Using remote (and direct) control

October 27, 1997|By Jim Sollisch

I WAS WATCHING television with my kids the other night, something I try not to do very often because, quite frankly, my kids have horrible taste in TV shows. This should come as no big surprise, considering my kids' taste in music, food and books. Left to their own devices, kids just can't be trusted to listen to Beethoven, eat tofu or read Shakespeare.

So we try to guide them. A little dose of Beethoven's 9th in the car when they can't escape. Tofu breaded and fried and disguised as chicken fingers. Shakespeare disguised as Mel Gibson. But when it comes to TV, most of us just bail out, waiting for somebody else to devise a rating system we can trust.

So there I was watching a made-for-TV movie with my kids. If it had been rated, it would have been PG, maybe even G. (According to a study by the Parents Television Council, 61 percent of all programming was rated PG, including shows that contained torture, masturbation, profanity and Jenny McCarthy).

The movie was about a college football star battling alcohol abuse and a distant father. You've seen this movie a thousand times. Stardom, fall, redemption. All sugar-coated and neatly wrapped between commercials.

I was lulled almost to sleep by the predictability when suddenly a girl is being assaulted at a party by the handsome football star. Classic date rape scenario. They kiss. She's quite willing. He goes farther. She says no. He throws her on the bed. It's clear he's going to rape her. She screams. Finally some guys drag him off. The scene is quite powerful; you can feel her terror.

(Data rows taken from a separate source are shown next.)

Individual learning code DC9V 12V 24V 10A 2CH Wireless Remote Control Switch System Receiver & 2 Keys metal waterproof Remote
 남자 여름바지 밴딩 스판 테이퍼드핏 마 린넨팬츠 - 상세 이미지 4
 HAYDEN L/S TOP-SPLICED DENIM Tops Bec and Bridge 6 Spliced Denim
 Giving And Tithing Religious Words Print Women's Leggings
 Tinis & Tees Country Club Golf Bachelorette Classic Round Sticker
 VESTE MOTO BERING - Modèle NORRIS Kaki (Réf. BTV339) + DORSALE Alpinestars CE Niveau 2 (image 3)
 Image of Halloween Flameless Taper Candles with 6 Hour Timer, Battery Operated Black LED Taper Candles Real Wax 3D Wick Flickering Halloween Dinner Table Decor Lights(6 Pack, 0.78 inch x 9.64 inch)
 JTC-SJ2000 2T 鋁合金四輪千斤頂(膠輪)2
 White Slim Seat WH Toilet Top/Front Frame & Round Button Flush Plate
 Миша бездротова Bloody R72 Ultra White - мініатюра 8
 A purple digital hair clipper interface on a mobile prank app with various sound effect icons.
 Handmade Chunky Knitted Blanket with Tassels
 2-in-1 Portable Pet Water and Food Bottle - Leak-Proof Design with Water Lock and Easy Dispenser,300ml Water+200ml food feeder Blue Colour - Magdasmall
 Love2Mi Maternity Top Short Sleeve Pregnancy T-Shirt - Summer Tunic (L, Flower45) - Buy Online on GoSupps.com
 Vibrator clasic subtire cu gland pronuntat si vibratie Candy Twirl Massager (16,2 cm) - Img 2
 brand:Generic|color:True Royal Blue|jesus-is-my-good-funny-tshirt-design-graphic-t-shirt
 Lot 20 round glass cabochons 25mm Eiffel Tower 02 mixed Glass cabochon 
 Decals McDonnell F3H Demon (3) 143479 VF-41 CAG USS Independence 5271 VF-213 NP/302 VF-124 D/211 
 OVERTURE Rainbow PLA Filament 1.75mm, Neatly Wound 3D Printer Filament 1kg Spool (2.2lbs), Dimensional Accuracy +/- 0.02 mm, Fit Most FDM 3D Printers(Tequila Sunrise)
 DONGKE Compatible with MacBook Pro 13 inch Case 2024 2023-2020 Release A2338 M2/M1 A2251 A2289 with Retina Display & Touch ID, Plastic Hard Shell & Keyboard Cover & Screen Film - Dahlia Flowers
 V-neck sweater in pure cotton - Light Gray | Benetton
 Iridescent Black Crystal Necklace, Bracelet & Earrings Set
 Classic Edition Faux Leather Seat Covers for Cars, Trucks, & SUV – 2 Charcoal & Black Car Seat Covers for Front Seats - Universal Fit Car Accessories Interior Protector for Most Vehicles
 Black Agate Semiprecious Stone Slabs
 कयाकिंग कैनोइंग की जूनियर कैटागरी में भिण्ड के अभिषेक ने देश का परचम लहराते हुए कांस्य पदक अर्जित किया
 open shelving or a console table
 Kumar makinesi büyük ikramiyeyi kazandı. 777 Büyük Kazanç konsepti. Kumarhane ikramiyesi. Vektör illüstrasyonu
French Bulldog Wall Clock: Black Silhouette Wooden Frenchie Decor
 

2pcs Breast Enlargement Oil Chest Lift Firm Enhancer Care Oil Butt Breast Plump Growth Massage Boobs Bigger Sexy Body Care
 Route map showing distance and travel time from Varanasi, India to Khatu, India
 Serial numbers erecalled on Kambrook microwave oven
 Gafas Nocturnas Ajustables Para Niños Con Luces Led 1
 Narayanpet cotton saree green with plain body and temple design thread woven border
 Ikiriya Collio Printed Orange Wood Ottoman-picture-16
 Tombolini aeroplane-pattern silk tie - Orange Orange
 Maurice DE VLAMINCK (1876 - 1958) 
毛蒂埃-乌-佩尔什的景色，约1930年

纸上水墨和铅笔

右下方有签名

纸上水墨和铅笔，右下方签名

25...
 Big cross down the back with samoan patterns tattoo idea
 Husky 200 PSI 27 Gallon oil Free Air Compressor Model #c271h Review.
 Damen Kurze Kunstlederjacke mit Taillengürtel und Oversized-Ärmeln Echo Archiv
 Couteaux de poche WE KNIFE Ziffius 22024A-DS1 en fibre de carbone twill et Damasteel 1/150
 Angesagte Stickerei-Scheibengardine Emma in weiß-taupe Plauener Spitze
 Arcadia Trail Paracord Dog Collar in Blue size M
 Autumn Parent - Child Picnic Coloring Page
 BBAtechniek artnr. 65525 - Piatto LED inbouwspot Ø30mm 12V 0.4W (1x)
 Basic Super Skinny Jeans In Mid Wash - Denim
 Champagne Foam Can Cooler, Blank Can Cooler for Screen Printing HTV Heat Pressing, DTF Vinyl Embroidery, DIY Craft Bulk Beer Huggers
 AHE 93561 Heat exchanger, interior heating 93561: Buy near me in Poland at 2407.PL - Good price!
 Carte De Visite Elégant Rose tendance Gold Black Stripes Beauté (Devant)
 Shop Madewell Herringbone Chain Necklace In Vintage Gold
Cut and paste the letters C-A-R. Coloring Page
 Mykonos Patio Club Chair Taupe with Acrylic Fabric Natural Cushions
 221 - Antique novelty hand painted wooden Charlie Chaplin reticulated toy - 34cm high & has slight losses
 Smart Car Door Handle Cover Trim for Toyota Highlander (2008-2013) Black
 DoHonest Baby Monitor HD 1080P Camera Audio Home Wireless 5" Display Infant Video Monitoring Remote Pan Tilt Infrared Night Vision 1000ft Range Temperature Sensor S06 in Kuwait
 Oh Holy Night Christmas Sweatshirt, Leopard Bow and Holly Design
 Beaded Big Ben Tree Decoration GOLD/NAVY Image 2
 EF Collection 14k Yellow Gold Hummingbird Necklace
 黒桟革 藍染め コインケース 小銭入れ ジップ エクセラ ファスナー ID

I jumped up to turn off the set so I could discuss this with my kids, ages 6-11. One of the boys said, "What's the big deal? Nothing happened."

The rating board, apparently, would agree. No nudity. No profanity. No sex. Just simple dating procedure. I launched into a lecture on date rape. I asked my kids, especially the boys, to imagine and then say how the girl must have felt. How long she might be traumatized by those events.

Finally, they agreed that something had happened. Something that happens a lot. Something much worse and more damaging than a four-letter word or a passionate love scene.

The problem with any rating system is that, like my kids, it lacks a moral point of view. If my kids had known that something serious had indeed happened on that screen, then I wouldn't have minded them watching it so much.

Content isn't the real problem. Which is why the current push to go beyond age-based ratings to a code that describes content as containing violence, nudity, profanity or sexual situations isn't a substitute for parental guideance.


A system that plops letters on the screen have to include the same "N" for nudity in a documentary on an artist who painted nudes as it would for a Playboy Channel show on strippers.

There's no code letter that can distinguish a tender love scene from an S & M encounter. The violence in a war movie is the same "V" as Freddy Krueger's brand of violence. Moral point of view is everything. And yet most of the kids I know have the following point of view: "If it's rated 'G' or 'PG', then it's OK." They assume that if we let them watch the show, then not only is the program OK, but the behaviors it contains must be OK. It's all morally neutral to them, implicitly endorsed by those who let them watch: their parents.

It's funny. The Parents Television Council, after studying 150 hours of rated programming, gave the new rating system a grade of "F." The problem is that there isn't enough information about content. Media watchdog Kathryn Montgomery complains that "there's this black-hole category of PG into which just about everything goes."

But here's another way to look at the problem: maybe the fact that so many shows are rated PG means the rating system is in perfect working order. Maybe the real problem is that we parents just aren't willing to watch television with our kids and decide what's appropriate and what's not.

We want someone else to tell us which programs cross the line. But, like obscenity, that line isn't easily defined. In fact, the best definition of obscenity is still Supreme Court Justice Potter Stewart's of 30 years ago: "I know it when I see it."

That's why parents have to see more of the TV their kids are watching. We are the only program-raters who matter. And most of us are asleep at the remote.

Jim Sollisch is a free-lance writer.